Built on an open, triangular floor plan, the home was centered around a sunken hexagonal seating area with plush white carpet (visitors were instructed to take their shoes off at the door). Thin strips of iridescent plastic hung from the ceiling—which was covered in white goose feathers—walls were coated with gold-anodized aluminum and supports were constructed from craggy stones and turquoise glass cullets. Price’s collection of Japanese screens and monumental scrolls decorated the luxe space.
The present lots are original architectural elements from Shin’en Kan; the design of the windows and doors echoes the shape of the central living space, the windows casting shadowy mosaics of hexagons and triangles inside the home. A confounding and entrancing mix of bachelor-pad-grotto, escapist ski-lodge and Japanese spa, Shin’en Kan is one of Goff’s most significant works—so close to his heart that his gravestone features a cullet of glass from the building. Sadly, Shin’en Kan was destroyed by arson in 1996. Its importance endures now only through a small number of furnishings and elements salvaged from the home.
Architecture should express the nature of the individual and not be a matter of fashion.
Bruce Goff is regarded as one of the 20th century’s most iconoclastic architects. He was an early enactor of the Prairie School style but quickly developed a bombastic flair, unbound in its creativity—“designs for the continuous present” as he called them. Goff created outside the confines of history, taste and propriety to create some of the first truly postmodern structures.

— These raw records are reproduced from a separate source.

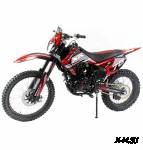 Мотоцикл MOTOLAND (МОТОЛЕНД) XR 250 LITE (172FMM)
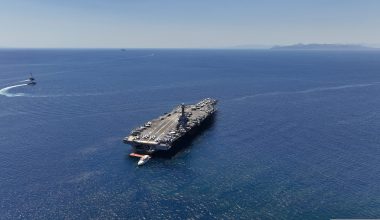 Οι αμερικανικές δυνάμεις κτύπησαν ακόμα ένα σκάφος που μετέφερε ναρκωτικά ανοικτά της Καραϊβικής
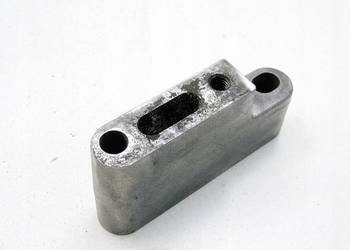 ŁAPA WSPORNIK 2.2 HDI TDCI EURO 5 TRANSIT BOXER JUMPER CUSTOM 6C1Q3C631AD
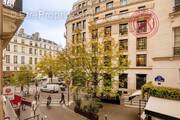 Appartement à PARIS-2E
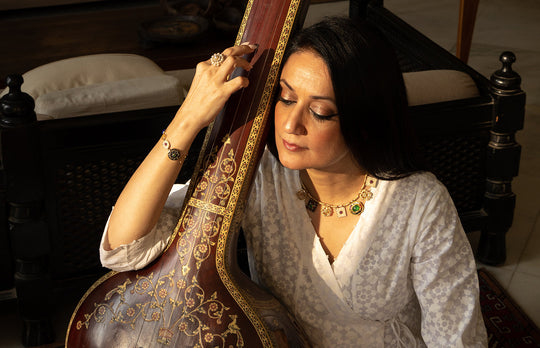 Sonam Kalra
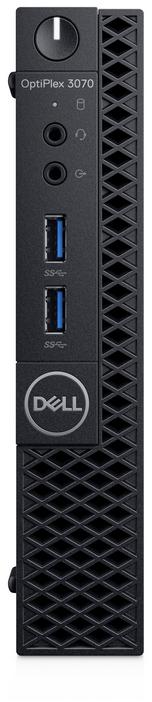  Dell Optiplex 3070 MT 3070-4678  #1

Born in Alton, Kansas in 1904, Goff grew up in Denver and Tulsa. He showed artistic talent early on, drawing elaborate castles and cathedrals. At twelve years old, he was apprenticed to the Tulsa architectural firm Rush, Endacott and Rush. By the time he was a teenager, he was designing homes; his first “mature” project, at just twenty-two-years-old, was the towering Boston Avenue Methodist Church in 1926 in Tulsa. A few years previous, he began a correspondence with his idol, Frank Lloyd Wright, who dissuaded Goff from pursuing a formal education and instead encouraged him to develop a unique voice outside of the stifling atmosphere of academia.